Sir Frank Whittle (1907-1996, inventor of the jet engine): ALS ('Frank') to Carter, 1 page small 4to, Steepway, Broom Close, Esher, Surrey, 16 August 1957. Written on the occasion of Carter's retirement:
'At long last the job which was promised you for life has terminated.
'I have enjoyed every day of our association together and wish you every happiness for the future.'

Carter evidently retained letters he received in relation to particular events, most notably the successful first flight of the E28/39 in 1941 and his receiving a C.B.E. in the New Year's Honours and the silver medal of the Royal Aeronautical Society in 1947. Among the more significant are thirteen letters from 1941 to 1946 relating to E29/39, visits to Brockworth to see the aircraft, and the Gloster Meteor's breaking of the World Air Speed Record (November 1945). Correspondents include Roy Chadwick, William Farren, E[dward] Petter (designer at Westlands), F.R. Banks, B. Lockspeiser and H.E. Rowe of the Ministry of Aircraft Production, [Neil] Michael Daunt (test pilot - 8 November 1945 'I am glad that that day in December 1939 when you turned and said this is a designers dream, has now proved itself.'), George Bulman of Hawker Aircraft Ltd, M.C. Wilks of The Rover Company Ltd.,

Roy Chadwick (1893-1947, aircraft designer): TLS, A.V. Roe & Co, 14 May 1941, congratulating him on the 'successful test flight of the "Whittle"' ('... I am particularly glad to be able to congratulate you on being the first Aircraft Designer to produce a practical jet propelled aeroplane. ...')
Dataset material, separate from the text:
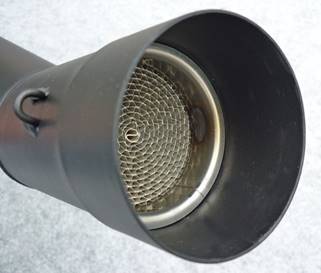 Z138EX2pieceCATALYZE2web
W[illiam] Farren (research and development chief at the Air Ministry): TLS, Ministry of Aircraft Production, 19 June 1941, expressing his confidence in Carter's ability to make a success 'of one of the most difficult tasks we have ever attempted' despite the 'arguments and differences of opinion which are necessarily part of a collaboration such as we have been engaged in', and adding that 'the success of the Gloster Whittle I is, I am sure, all the reward for which you ask, and I know that it will strengthen you to press on with the Gloster Whittle II'.)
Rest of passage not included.